Section 6627 would not provide either this Court or the Hopkins County District Court personal jurisdiction over Bulkley's writ of mandate even if that statute did confer jurisdiction on the courts it references. This is evident from the text of the statute. Section 6627 allows writs of mandates to be filed against California Public Entities only in "the superior court of the county in which [an interested party] resides." CAL. LABOR CODE § 6627 (emphasis added). Bulkley interprets this to mean that writs of mandate challenging decisions from the Agency can be brought in any trial court where it resides. But in several states, including Texas, lower courts are not referred to as superior courts. Nor are federal district courts. As a result, if Section 6627 was meant to apply to all lower courts—rather than California's superior courts—the California legislature would have said so. After all, the California legislature uses the phrase "superior court" in several other provisions that plainly apply only to California's lower courts—such as California's general venue statute, CAL. CIV. P. § 395, a procedural statute that cannot apply in federal courts. See Thoroughbred Ventures, LLC v. Disman, No. 4:18-cv-318, 2018 WL 3472717, at *2 (E.D. Tex. July 19, 2018) (citing Gasperini v. Ctr. For Humanities, Inc., 518 U.S. 415, 417 (1996) (explaining that, under the Erie doctrine, "federal courts apply state common law but federal procedural rules"). Tellingly, Bulkley has not cited a single case in which a writ of mandate has been filed under Section 6627 outside of California's superior courts. Nor has the Court been able to find one.
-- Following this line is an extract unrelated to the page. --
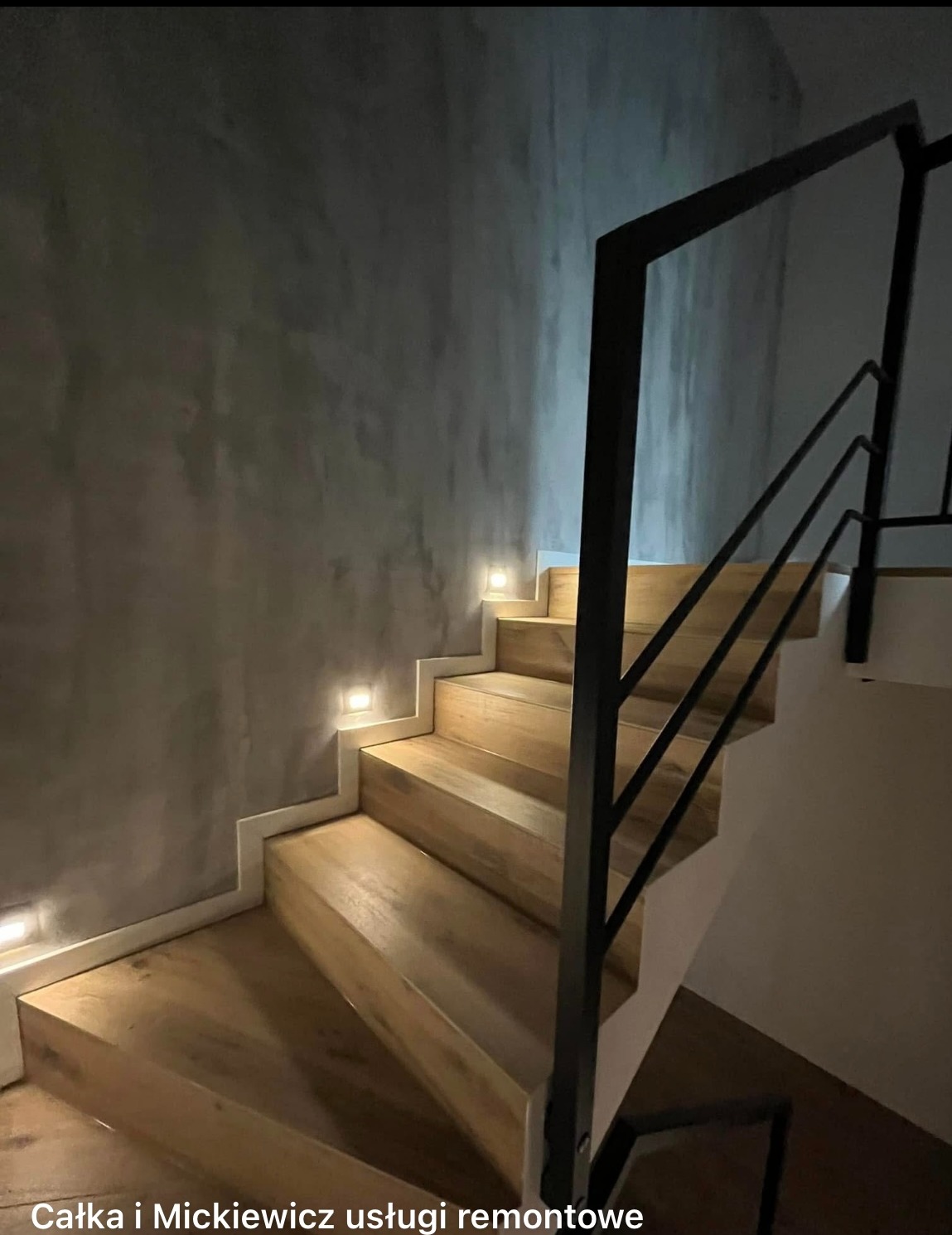 Nowoczesne schody drewniane z czarną balustradą i subtelnym oświetleniem LED w ścianie o fakturze betonu. Minimalistyczny design.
Section 6627's exclusive applicability to California's superior courts is also evident from the statute's legislative history. The California Supreme Court made writs of mandate available to review California administrative decisions in the first place because the California Constitution charges California courts with the sacred role of checking the power of the state's other branches of government. See Bisby v. Pierno, 481 P.2d 242, 242 (Cal. 1971) (emphasis added). It follows that Section 6627's directive that parties are to file writs of mandate in the "superior court" where they reside must refer only to California superior courts. CAL. LABOR CODE § 6627. Bulkley's reading of Section 6627 would allow the California legislature to strip the California judiciary of the role it plays in checking California's other branches of government—potentially in violation of the California Constitution. See Skilling v. United States, 561 U.S. 358, 406 (2010) (quoting Hooper v. California, 155 U.S. 648, 657 (1895)) ("'The elementary rule is that every reasonable construction must be resorted to, in order to save a statute from unconstitutionality.'") (emphasis removed).

The California Supreme Court's determination that administrative decisions are reviewable by California courts through a writ of mandamus is also codified at California Code of Civil Procedure § 1094.5.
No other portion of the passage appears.